In a breakthrough season, anchored by the young stars producing more exciting tournament finishes than snoozefests, it would seem PGA Tour commissioner Jay Monahan can focus on some looming big-picture issues related to scheduling. While the Presidents Cup blowout will have a few PGA Tour VP’s working late into the night in search of ways to ensure tighter matches, the smart money says a measured response will carry the day. Because once that “crisis” has passed, the most pressing issue on all fronts is a 2018-2019 schedule revamp.

Besides needing to adjust the number of events and flow interrupted by the PGA Championship’s move to May and the Players Championship’s return to March, all signs point to a schedule break being a necessity for all involved. Increasingly, players are showing signs of strain, increased injury risk and perhaps even hints of retreating to a cocoon of cockiness as they soak up the good vibes.

Take the World Golf Hall of Fame induction ceremony in New York, just blocks from the players’ hotel and timed to coincide with the Presidents Cup. The hope was for officials and players gathering in the city to attend, particularly with 2016 Ryder Cup captain Davis Love going into the Hall. Common sense would suggest the players and the assistant captains would want to be there for what Love insisted was his greatest lifetime honor. Yet not one player or assistant from Love’s 2016 Ryder Cup squad or the 2017 Presidents Cup team was able to show support in person.

Maybe there were naps to take for players who have been asked to be on the road for four playoff events and the Presidents Cup. But given how much praise is heaped on today’s young players for hanging around after a buddy wins, the no-show brigade gave the impression of a lack of appreciation for their elders or golf’s rich history. Or maybe they just were catching up on rest from a relentless schedule that restarts just days after the current one ends.

Worse than the younger players not attending: the noticeable absence of longtime Love competitors and Cup colleagues Fred Couples, Phil Mickelson, Ernie Els, Nick Price, Tiger Woods and Jim Furyk, who were all in town and not able to make the trip from a downtown hotel to Wall Street’s beautiful Cipriani ballroom. The first four are current World Golf Hall of Fame members, and the last two will be inducted someday.

Had they shown, they would have seen a ceremony attended by past inductees who have accumulated more than 150 major wins. Hall committee voters Jack Nicklaus, Gary Player, Nancy Lopez and Annika Sorenstam were the headliners.
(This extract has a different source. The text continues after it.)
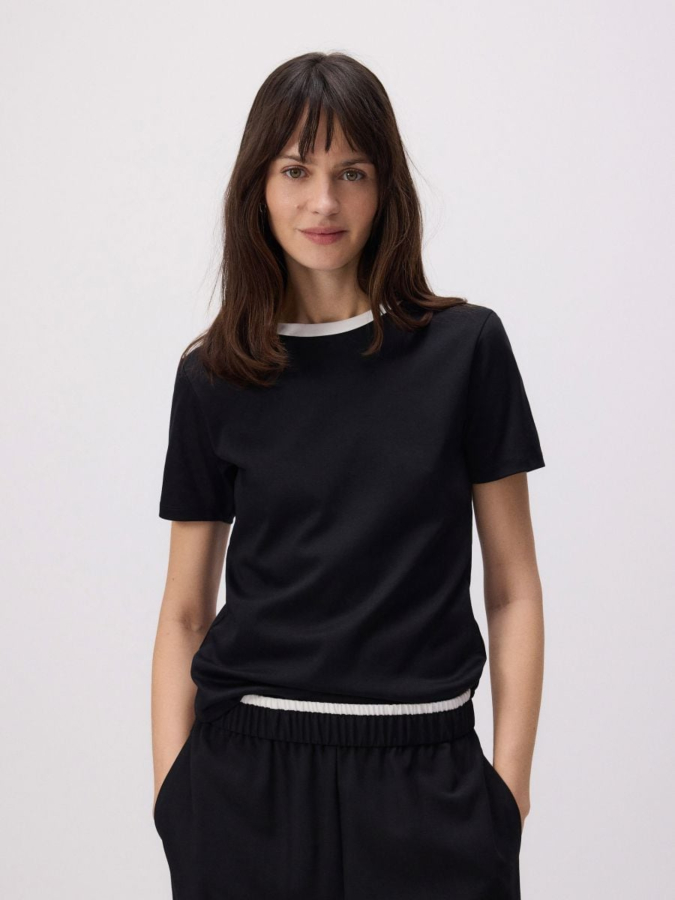 טי שירט עם גימור ניגודי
Had the players been up to the task, they would have heard speeches that might remind them golf has been a source of joy, fulfillment, pain and struggle for folks who came along well before them. The satisfaction of the World Golf Hall of Fame ceremony is not in the hors d’oeuvres, but in the inspiration from hearing about a life well-played.
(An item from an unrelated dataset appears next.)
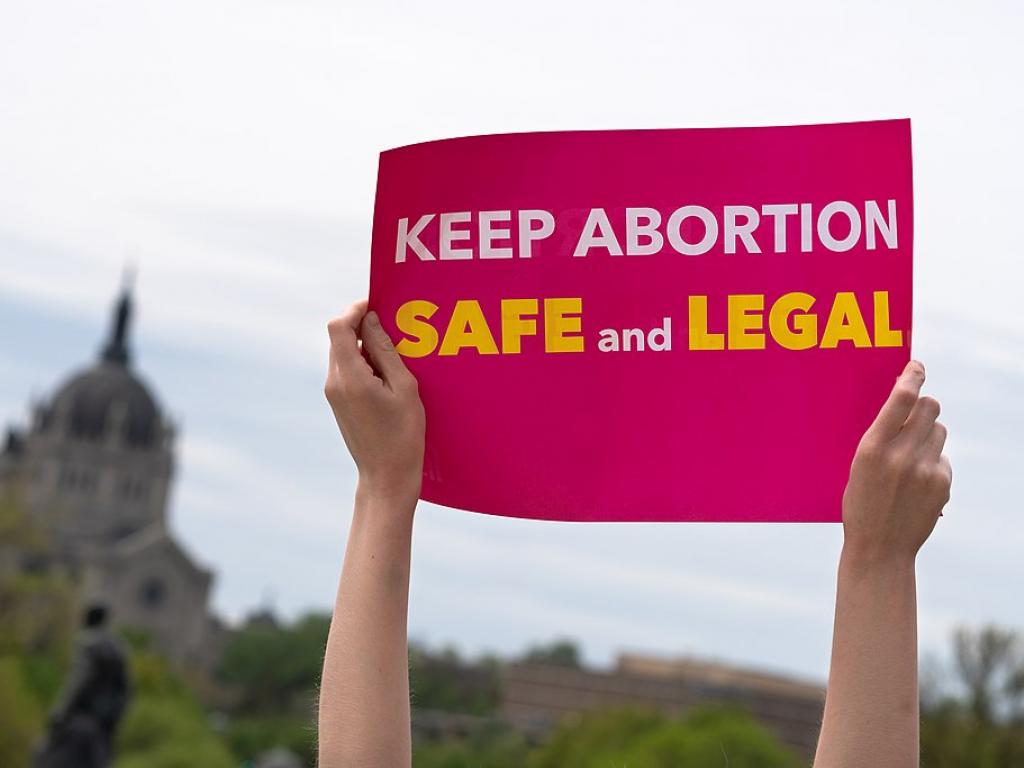  new-york-and-california-prepare-for-potential-mifepristone-ban-in-texas-with-stockpiling-of-alternative-abortion-medications 
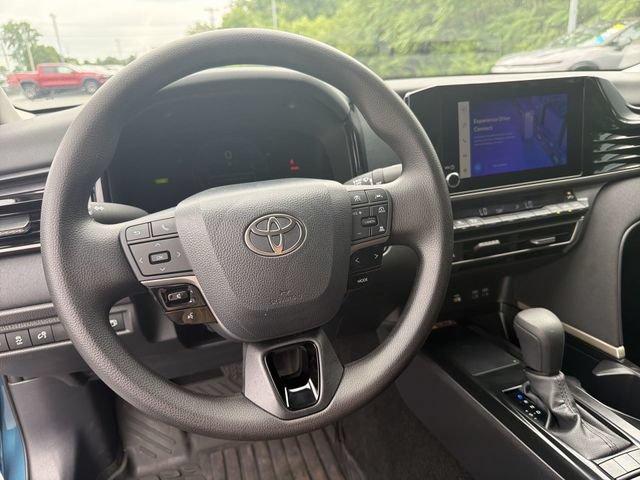 2026 Toyota Camry LE - Photo 17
Besides the obvious show of respect for those who built the platform on which today’s American superiority rests, there is a humbling aspect to such a ceremony that would serve today’s players well. These lines from Love’s speech suggest how he might genuinely feel about the no-show brigade, though he was too busy enjoying the moment with his rich collection of family, friends and colleagues to let those not there bother him.

“I was lucky enough to play for Arnold and for Jack, too, when they were captains of Presidents Cup teams,” he told the audience. “I was lucky enough to have Watson, Kite, Watkins, Strange and Sutton as my Ryder Cup captains. I was a captain twice of Ryder Cup teams. This week I’ll be an assistant captain of a Presidents Cup for a third time. When I look back over the 31 years of my professional career, my involvement in these team matches, matches that have brought together the world of golf, have meant as much to me as anything I have done in the game. And I’m looking forward to supporting my teammates this week at Liberty National.”

Too bad they couldn’t be bothered to return the Love.

While it would be easy to say this is was a generational issue, most at Liberty National chalk some of the behavior to schedule over-saturation and the over-extension of today’s players. They do appear to respect their elders and the game, As Fowler demonstrated Saturday, the future has arrived in style. But they also need a schedule fix that allows them time to collect their thoughts, enjoy their riches and reflect on how fortunate they are to play the PGA Tour. 

(Note: This story appears in the October 2017 issue of Golfweek.)